# Fit and Evaluate XGBoost Model (GridSearch Parameters)

In this experiment we want to fit an XGBoost Model only using the first time slice. 

In the first step of this experiement we want to find the best parameters that yield the best results using GridSearch.

In [7]:
import pandas as pd
import seaborn as sns
import shap
from matplotlib import pyplot as plt
import monipy.utils.database as database
from sklearn.model_selection import train_test_split, GridSearchCV
from xgboost import XGBClassifier
from sklearn.metrics import accuracy_score, confusion_matrix, classification_report, recall_score
from sklearn.inspection import permutation_importance
from sklearn.decomposition import PCA
from sklearn.preprocessing import StandardScaler

IProgress not found. Please update jupyter and ipywidgets.
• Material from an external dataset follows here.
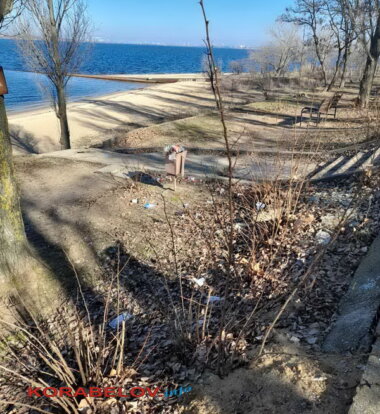 "А вокруг - срач. Это кошмар", - жители Корабельного района о мусоре и кучах листвы (видео) | Корабелов.ИНФО image 4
See https://ipywidgets.readthedocs.io/en/stable/user_install.html


### 1. Helping Functions

In [8]:
def load_and_prep_data(window=0, data_filter=4):
    # load data
    df = pd.concat([pd.read_csv(f"data/useable_yes_unknown/filter_{data_filter}/sandor_full.csv", index_col=[0]),
              pd.read_csv(f"data/useable_yes/filter_{data_filter}/ukt_full.csv", index_col=[0]),
              pd.read_csv(f"data/useable_yes/filter_{data_filter}/freiburg_full.csv", index_col=[0]),
              pd.read_csv(f"data/useable_yes/filter_{data_filter}/uka_corvolution_full.csv", index_col=[0]),
              pd.read_csv(f"data/useable_yes/filter_{data_filter}/uka_klinik_full.csv", index_col=[0]),
             ])
    
    # rename column
    df = df.rename(columns={"window_Unnamed: 2093_level_1": "window"})
    
    # filter for one starting window
    df = df[df["window"] == window]
    
    # get patient specific columns
    df_patients_columns = database.get_all_patients().columns
    
    # drop patient specific columns and other columns
    df = df.drop(columns = list(df_patients_columns))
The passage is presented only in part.